MapReduce Solutions Classification by Their Implementation

Kamila Orynbekova; Andrey Bogdanchikov; Selcuk Cankurt; Abzatdin Adamov; Shirali Kadyrov

doi:10.3991/ijep.v13i5.38867

Authors

Kamila Orynbekova Suleyman Demirel University https://orcid.org/0000-0002-2182-2914
Andrey Bogdanchikov Suleyman Demirel University https://orcid.org/0000-0001-9693-7487
Selcuk Cankurt Vistula University https://orcid.org/0000-0003-0581-1913
Abzatdin Adamov ADA University
Shirali Kadyrov Suleyman Demirel University https://orcid.org/0000-0002-8352-2597

DOI:

https://doi.org/10.3991/ijep.v13i5.38867

Keywords:

MapReduce, Big Data, Apache Hadoop, Apache Spark, problems classification, solutions categorization, course design

Abstract

Distributed Systems are widely used in industrial projects and scientific research. The Apache Hadoop environment, which works on the MapReduce paradigm, lost popularity because new, modern tools were developed. For example, Apache Spark is preferred in some cases since it uses RAM resources to hold intermediate calculations; therefore, it works faster and is easier to use. In order to take full advantage of it, users must think about the MapReduce concept. In this paper, a usual solution and MapReduce solution of ten problems were compared by their pseudocodes and categorized into five groups. According to these groups’ descriptions and pseudocodes, readers can get a concept of MapReduce without taking specific courses. This paper proposes a five-category classification methodology to help distributed-system users learn the MapReduce paradigm fast. The proposed methodology is illustrated with ten tasks. Furthermore, statistical analysis is carried out to test if the proposed classification methodology affects learner performance. The results of this study indicate that the proposed model outperforms the traditional approach with statistical significance, as evidenced by a p-value of less than 0.05. The policy implication is that educational institutions and organizations could adopt the proposed classification methodology to help learners and employees acquire the necessary knowledge and skills to use distributed systems effectively.

Author Biographies

Kamila Orynbekova, Suleyman Demirel University

Kamila Orynbekova is a Senior Lecturer in the Computer Sciences Department, Faculty of Engineering and Natural Sciences and a Head of Distributed Systems and Computing Laboratory in Suleyman Demirel University, Kaskelen, Almaty, Kazakhstan. Also she is a PhD student in the Computer Sciences educational program. (email: kamila.orynbekova@sdu.edu.kz)
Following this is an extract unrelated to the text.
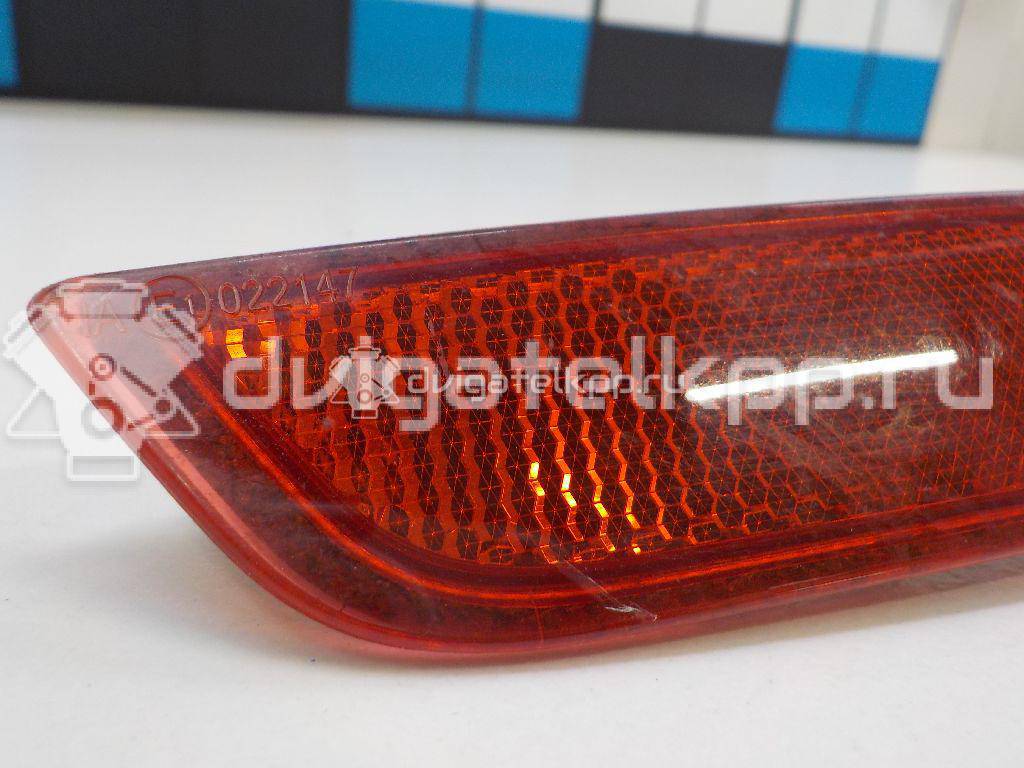 Фото Отражатель в бампер задний правый  1491914 для Ford Mondeo {forloop.counter}}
Andrey Bogdanchikov, Suleyman Demirel University

Andrey Bogdanchikov holds the title of Associate Professor at Suleyman Demirel University's Faculty of Engineering and Natural Sciences, within the Department of Information Systems and Vice-Rector of Academic Affairs situated in Abylai khan street 1/1, Kaskelen, Kazakhstan. He obtained his Doctor of Philosophy degree in 2014 from Suleyman Demirel University, Kazakhstan. His areas of expertise include the fields of Distributed Systems, Parallel Computing and Programming Languages. (email: andrey.bogdanchikov@sdu.edu.kz ).

Selcuk Cankurt, Vistula University

Selcuk Cankurt holds the title of Assistant Professor at Vistula University in the Department of Computer Engineering in Warsaw, Poland. He graduated from the University of Marmara, Istanbul, Turkey in 1997. He received the M.S. and Ph.D. degrees in Information Technologies from International Burch University, Sarajevo, Bosnia and Herzegovina in 2011 and 2015 respectively. He has studied in the areas of database systems, data warehouse, data cubes, data mining, business intelligence, artificial intelligence, machine learning, and fuzzy systems. His present research interests are data science, data lake, big data, big data analytics, deep learning and natural language processing. (email: s.cankurt@vistula.edu.pl).

Abzatdin Adamov, ADA University

Abzatdin Adamov is a director of the Center for Data Analytics Research and faculty member at the School of Information Technology and Engineering, ADA University. He is an adjunct professor at the Computer Science Department, George Washington University. He is SIEEE and the Founding General Chair of the IEEE International Conference on Application of Information and Communication Technologies. (email: aadamov@ada.edu.az).

Shirali Kadyrov, Suleyman Demirel University

Shirali Kadyrov holds the title of Professor at Suleyman Demirel University's Faculty of Engineering and Natural Sciences, within the Department of Mathematics and Natural Sciences situated in Kaskelen, Kazakhstan. He obtained his Doctor of Philosophy degree in 2010 from Ohio State University in Columbus, USA. His areas of expertise include the fields of Dynamical Systems, Mathematics Education, and Data Science. (email: shirali.kadyrov@sdu.edu.kz ).